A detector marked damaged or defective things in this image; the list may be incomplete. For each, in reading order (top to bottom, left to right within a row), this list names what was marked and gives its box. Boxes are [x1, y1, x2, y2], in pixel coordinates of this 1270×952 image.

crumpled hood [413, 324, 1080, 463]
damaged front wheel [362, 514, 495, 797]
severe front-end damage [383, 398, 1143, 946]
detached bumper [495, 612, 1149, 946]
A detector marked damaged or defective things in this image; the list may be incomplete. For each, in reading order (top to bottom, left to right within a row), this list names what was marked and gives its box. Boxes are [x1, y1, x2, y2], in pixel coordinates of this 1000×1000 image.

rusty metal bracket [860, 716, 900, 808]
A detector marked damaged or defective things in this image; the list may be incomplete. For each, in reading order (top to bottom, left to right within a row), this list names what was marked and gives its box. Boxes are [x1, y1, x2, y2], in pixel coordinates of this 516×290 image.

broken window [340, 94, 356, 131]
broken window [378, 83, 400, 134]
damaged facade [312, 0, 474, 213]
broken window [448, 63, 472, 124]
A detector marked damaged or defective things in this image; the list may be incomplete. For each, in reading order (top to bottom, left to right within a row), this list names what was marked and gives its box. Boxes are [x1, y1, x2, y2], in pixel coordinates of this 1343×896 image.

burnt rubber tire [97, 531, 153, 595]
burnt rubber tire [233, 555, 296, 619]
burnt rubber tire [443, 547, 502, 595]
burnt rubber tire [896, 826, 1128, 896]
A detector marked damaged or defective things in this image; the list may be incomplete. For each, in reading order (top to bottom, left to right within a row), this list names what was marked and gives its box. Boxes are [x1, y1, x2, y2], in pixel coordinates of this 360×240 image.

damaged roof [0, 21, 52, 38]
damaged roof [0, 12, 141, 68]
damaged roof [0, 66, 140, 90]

PROBLEM TO SOLVE → Your task is to reproduce exactly the lines from the one with "this 516×290 image." through the end of the listing. Both ends belong in the answer.

ANSWER →
A detector marked damaged or defective things in this image; the list may be incomplete. For each, in reading order (top to bottom, left to right within a row), this list names what was marked and gives its box. Boxes are [x1, y1, x2, y2], in pixel coordinates of this 516×290 image.

broken window [340, 94, 356, 131]
broken window [378, 83, 400, 134]
damaged facade [312, 0, 474, 213]
broken window [448, 63, 472, 124]
A detector marked damaged or defective things in this image; the list may be incomplete. For each, in reading order (top to bottom, left to right within a row), this list names what was marked and gives its box. Boxes are [x1, y1, x2, y2], in pixel coordinates of this 1343×896 image.

burnt rubber tire [97, 531, 153, 595]
burnt rubber tire [233, 555, 296, 619]
burnt rubber tire [443, 547, 502, 595]
burnt rubber tire [896, 826, 1128, 896]
A detector marked damaged or defective things in this image; the list may be incomplete. For each, in reading order (top to bottom, left to right within a row), this list names what was marked and gives its box. Boxes are [x1, y1, x2, y2], in pixel coordinates of this 360×240 image.

damaged roof [0, 21, 52, 38]
damaged roof [0, 12, 141, 68]
damaged roof [0, 66, 140, 90]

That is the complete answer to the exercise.